Speaking to journalists about the lost it had on the airlines, Gebers said: “It was a huge amount of money that we had just lost automatically. On-top of that, we refunded purchased tickets, the effect on our cash flow was horrendous.”
Gebers unscored that it was one the reasons they had to find alternative ways to use the aircraft to draw money into the company.
According to Wickham, the combination of efforts includes charters, leasing of one of the airline’s aircrafts to Kiribati and flights to Brisbane.
Gebers added: “We rebuilt that international business and recovered to about 70% of the income and we were tracking very nicely towards making a small loss or breaking even at the end of last year. Also, thanks to the support of Australian and New Zealand as well as the Solomon Islands Government.”
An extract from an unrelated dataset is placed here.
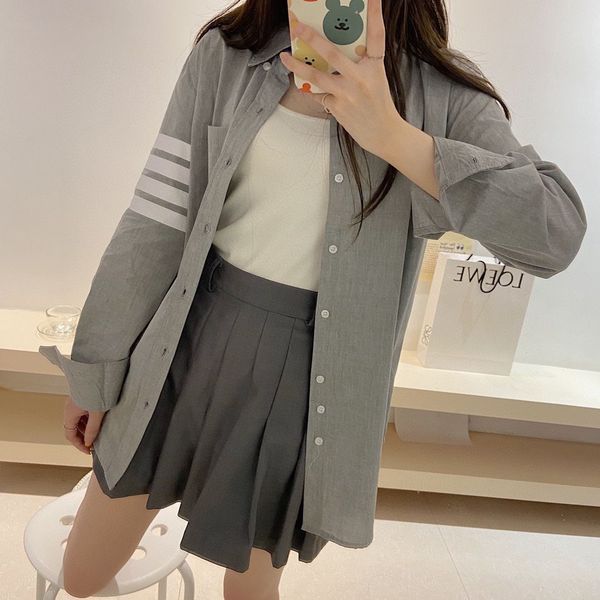 21 autumn winter four bar college style grey tb couple men's women's same loose stripe long sleeve shirt fashion brand, White
21 autumn winter four bar college style grey tb couple men's women's same loose stripe long sleeve shirt fashion brand, White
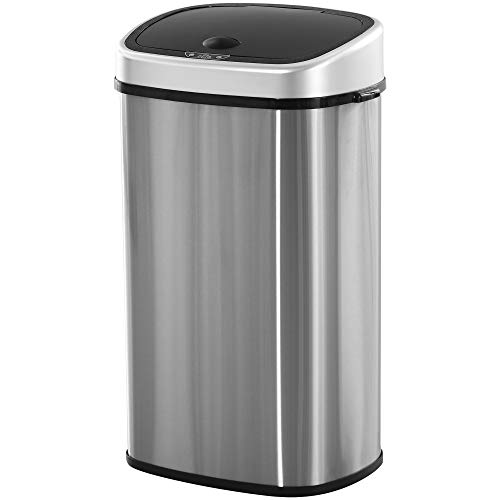 HOMCOM Poubelle automatique Poubelle de cuisine avec capteur infrarouge 58L argent L40,9 x l28,9 x H68 cm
However, he said on the 19th of January this year they were ordered to stop all domestic flights—to stay at home and curfews were imposed.
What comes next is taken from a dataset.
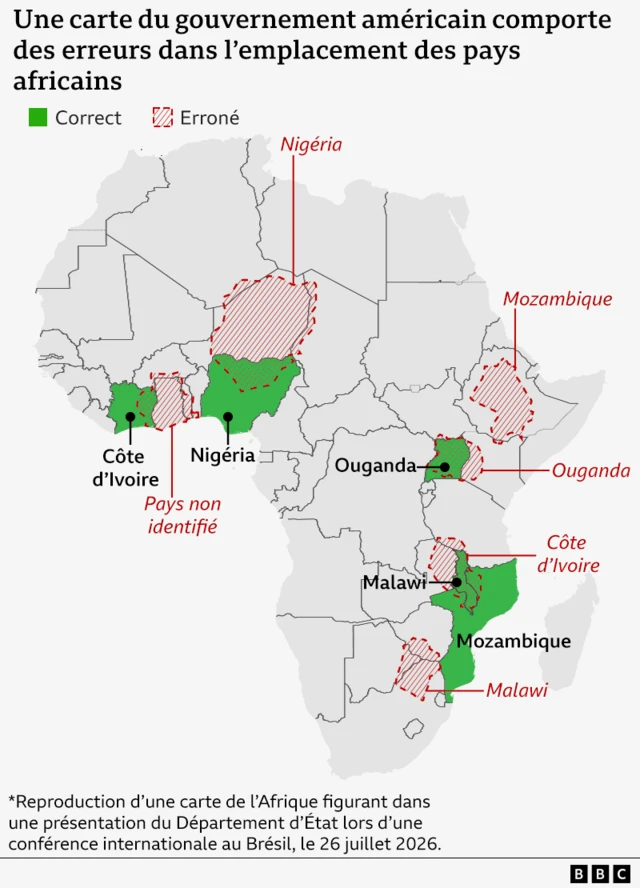 Carte des erreurs publiées par le département africain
“It had severely affected the airline’s domestic revenue. We immediately lost all the incomes. It will take time and takes long time to rebuild it,” he said.
Meanwhile Wickham said they were grateful that the government had stepped in to assist them meet the sudden drop in revenue. The government has given the airline $6m funding support.
Besides that, he added that they also received funding from the Australian government through DFAT by subsidizing its domestic services and of course its international route to Brisbane which is now increased to twice a week. He added this has helped to keep the plane in the air.
Wickham said going forward and with the injection of support from the national government they look forward to the re-opening of the international borders in July and for the lifting of travel restrictions on the domestic front.
Wickham stated that they are also increasing the airline’s scope with trading opportunities which will greatly help the national airlines during this very difficult situation now are experienced.
Meantime, the airline’s finance manager, Peter Soqoilo, also confirmed that for the first quarter of this year “we are tracking okay but going forward we don’t know yet.”